First jobs, it seems, are a bit like first loves if David Walsh is anything to go by as, after a career that has seen him cover some of the biggest sporting events in the world for the Irish Press, Sunday Tribune, Sunday Independent and the Sunday Times, it is David’s two years with the Leitrim Observer that he remembers the most fondly.
“The two years I spent in Leitrim were two of the happiest of my life,” says David of his time in Leitrim, “I loved the Observer, I loved Leitrim people. It seems like I was there for ten years but I was only there for two years, such an intense experience.
“If somebody asked me what were the happiest years of my journalistic life, well I’d say the Observer were as happy as any years I’ve had. I just remember the whole time with fondness. Of course you were young, I was enthusiastic, I wanted to do everything and I just found the people I’ve met to be the most fantastic people I’ve met anywhere.
“I’ve never met people as nice no matter where I’ve lived subsequently in my life, just a great time in my life” in what is as glowing a reference as Leitrim Tourism could ever hope to get!
But it is more than just platitudes as David tells me he came very close to settling down in the county – “I went through a phase in my second year with the Observer thinking I wanted to settle down in Leitrim, make my life in Leitrim and continue working with the Observer because I loved it so much.
“My fiancée Mary, a Westmeath woman, she loved Leitrim as well and we had more or less agreed to buy a site down near Lough Allen, we were going to build a house. I had applied for a couple of jobs in Dublin with the nationals because I kind of had this desire I wanted to be a sports reporter.
“In the Observer, I could do sport but eventually, this guy came from Dublin and said I want you to join the Irish Press. Gregory Dunne, who was then the editor of the Observer, in fairness to him, made me a fantastic offer to stay with the Observer.
“I would have been on a much better salary than I would have been with the Irish Press, much better conditions but I just wanted to do sport full-time, that had been my dream and that basically took me away from Leitrim.”
You get the sense that some small sliver of regret is still there, particularly when he learns that I’ve been with the Observer for 23 years – “Because I live in England now, it is very hard to get back to Ireland let alone get back to Leitrim but I would love to go back and spend a holiday there, go around and see a lot of the people I knew and how they are doing.
“They were two fantastic years because I got to cover such a range of things. I got to do reviews of the local amateur drama and I, who hadn’t a clue about amateur drama, would write as if I did. You did the Council meetings, I wrote about anything and everything, some really great stories.”
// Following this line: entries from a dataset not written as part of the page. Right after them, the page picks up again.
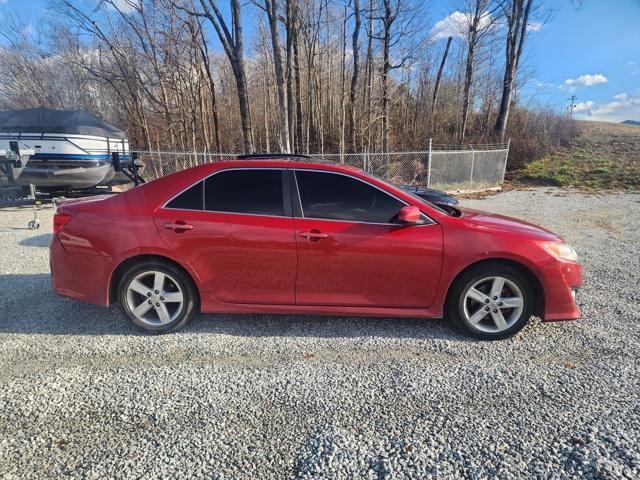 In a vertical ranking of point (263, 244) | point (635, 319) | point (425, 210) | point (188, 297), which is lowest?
point (635, 319)

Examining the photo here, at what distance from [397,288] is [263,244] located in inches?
49.3

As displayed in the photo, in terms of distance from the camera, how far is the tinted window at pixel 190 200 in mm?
3178

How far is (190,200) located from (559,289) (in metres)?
3.38

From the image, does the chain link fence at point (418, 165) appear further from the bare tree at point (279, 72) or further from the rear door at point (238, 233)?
the rear door at point (238, 233)

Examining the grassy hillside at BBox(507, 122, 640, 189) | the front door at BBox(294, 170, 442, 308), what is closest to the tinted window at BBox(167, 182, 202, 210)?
the front door at BBox(294, 170, 442, 308)

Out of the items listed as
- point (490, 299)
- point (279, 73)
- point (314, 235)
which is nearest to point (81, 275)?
point (314, 235)

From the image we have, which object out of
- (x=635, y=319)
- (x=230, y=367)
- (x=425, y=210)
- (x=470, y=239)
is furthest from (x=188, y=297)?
(x=635, y=319)

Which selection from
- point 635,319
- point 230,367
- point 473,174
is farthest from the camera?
point 473,174

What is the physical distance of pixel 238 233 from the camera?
3.09 meters

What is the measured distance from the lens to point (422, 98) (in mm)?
26844

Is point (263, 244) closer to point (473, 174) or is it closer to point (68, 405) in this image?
point (68, 405)

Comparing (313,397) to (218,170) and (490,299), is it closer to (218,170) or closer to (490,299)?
(490,299)

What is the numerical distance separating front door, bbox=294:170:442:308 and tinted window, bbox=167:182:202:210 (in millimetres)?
910

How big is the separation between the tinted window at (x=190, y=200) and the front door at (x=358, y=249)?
2.99ft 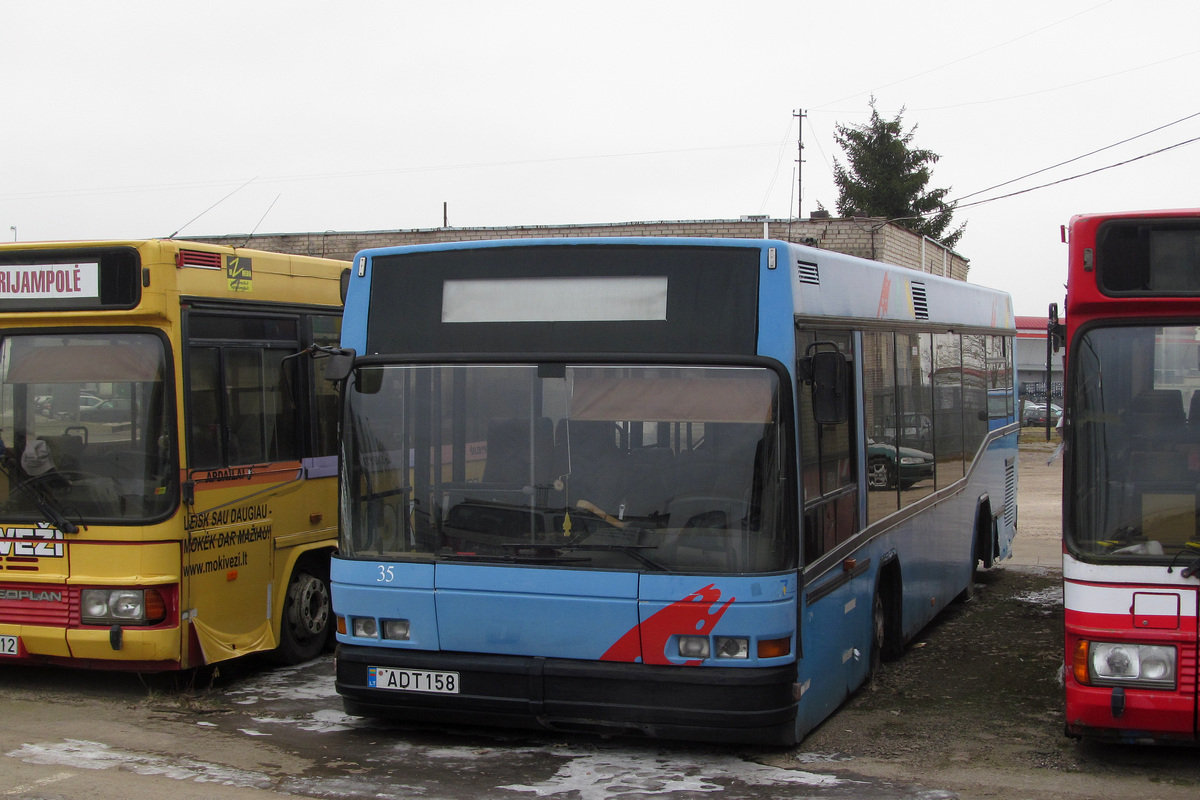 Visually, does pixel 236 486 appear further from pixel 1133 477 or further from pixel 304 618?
pixel 1133 477

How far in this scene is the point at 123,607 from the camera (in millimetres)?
7320

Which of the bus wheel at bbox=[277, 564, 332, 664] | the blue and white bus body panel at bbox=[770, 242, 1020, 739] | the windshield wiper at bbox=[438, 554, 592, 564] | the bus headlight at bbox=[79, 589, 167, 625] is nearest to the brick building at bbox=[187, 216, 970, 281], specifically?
the blue and white bus body panel at bbox=[770, 242, 1020, 739]

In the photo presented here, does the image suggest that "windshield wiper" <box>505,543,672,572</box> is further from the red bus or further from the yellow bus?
the yellow bus

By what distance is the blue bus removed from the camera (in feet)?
18.9

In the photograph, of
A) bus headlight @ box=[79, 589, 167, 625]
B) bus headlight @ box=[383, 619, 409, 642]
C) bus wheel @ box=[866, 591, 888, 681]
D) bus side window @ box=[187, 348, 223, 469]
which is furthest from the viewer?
bus wheel @ box=[866, 591, 888, 681]

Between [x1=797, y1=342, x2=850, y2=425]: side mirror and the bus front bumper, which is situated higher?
[x1=797, y1=342, x2=850, y2=425]: side mirror

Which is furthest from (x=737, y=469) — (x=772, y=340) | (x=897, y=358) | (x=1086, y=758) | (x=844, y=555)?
(x=897, y=358)

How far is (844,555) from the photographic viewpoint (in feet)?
22.4

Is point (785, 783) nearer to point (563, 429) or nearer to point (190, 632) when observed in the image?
point (563, 429)

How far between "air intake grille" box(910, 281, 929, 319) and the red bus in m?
3.19

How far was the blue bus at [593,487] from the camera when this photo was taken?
575 cm

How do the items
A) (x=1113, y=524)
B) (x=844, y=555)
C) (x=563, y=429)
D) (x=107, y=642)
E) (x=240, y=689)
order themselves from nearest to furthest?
(x=1113, y=524), (x=563, y=429), (x=844, y=555), (x=107, y=642), (x=240, y=689)

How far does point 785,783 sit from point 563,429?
200 centimetres

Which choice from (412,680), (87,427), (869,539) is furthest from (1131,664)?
(87,427) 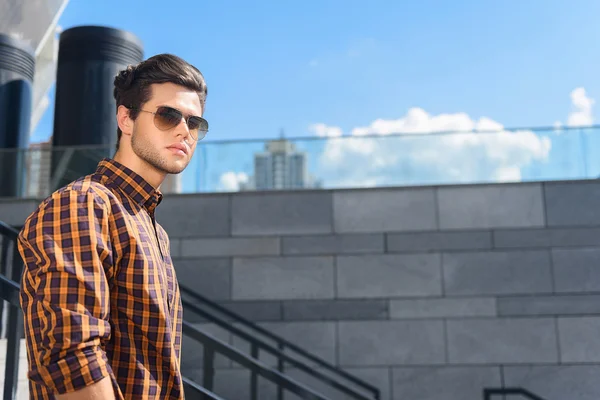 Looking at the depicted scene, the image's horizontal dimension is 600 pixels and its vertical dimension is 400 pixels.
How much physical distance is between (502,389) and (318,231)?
300 cm

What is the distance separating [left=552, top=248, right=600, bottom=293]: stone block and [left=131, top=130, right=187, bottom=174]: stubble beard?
7.45m

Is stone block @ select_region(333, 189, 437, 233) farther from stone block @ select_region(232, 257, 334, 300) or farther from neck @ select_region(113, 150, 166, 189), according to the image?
neck @ select_region(113, 150, 166, 189)

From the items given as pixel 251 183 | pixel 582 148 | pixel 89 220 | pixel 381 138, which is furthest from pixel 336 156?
pixel 89 220

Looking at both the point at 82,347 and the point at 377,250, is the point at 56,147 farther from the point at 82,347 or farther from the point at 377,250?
the point at 82,347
Telling Walsh that he is fondly remembered in Leitrim, particularly in Aughawillan, David makes a confession that is perhaps no surprise – “All the people in Ballinamore would have said when I was in Leitrim that I was a complete Aughawillan-ite but that was true, I was an Aughawillan-ite, I was biased in their favour, I’m not making any secret of it.
“I loved Aughawillan because they had a real grudge about Ballinamore, which was brilliant. This small virtually townsland would take on the big town and beat them and every time they beat them, I celebrated in my heart, my heart leaped every time they did. I used to love when Aughawillan won.”
Leitrim also provided David with a story of sporting success – “I joined on Easter Tuesday, 1978 and it felt like it was two days later, I got a phone call from John Dwyer who worked in the Council asking me to play in a County Final in hurling for St. Mary’s.
“First he said, would you play in a County final on Sunday and I said in what sport and he said hurling. I said I’m sorry to disappoint you but I’ve never played hurling in my life. And he said are you David Walsh from Kilkenny? I am and he said, you’ll do us.
“I was marked by Sean Mulvey from Allen Gaels and Sean never gave me a shot of the ball. I think, but I could be wrong in this, St. Mary’s won the match and I got a Leitrim Senior County Hurling medal and I think the score might have been 3-1 to 1-3 but I did actually score the point.
“It was my only claim to fame as a sports man but I wasn’t overly enthusiastic about the Connacht Championship campaign and the fear that we might end up playing Castlegar with seven Connolly brothers!”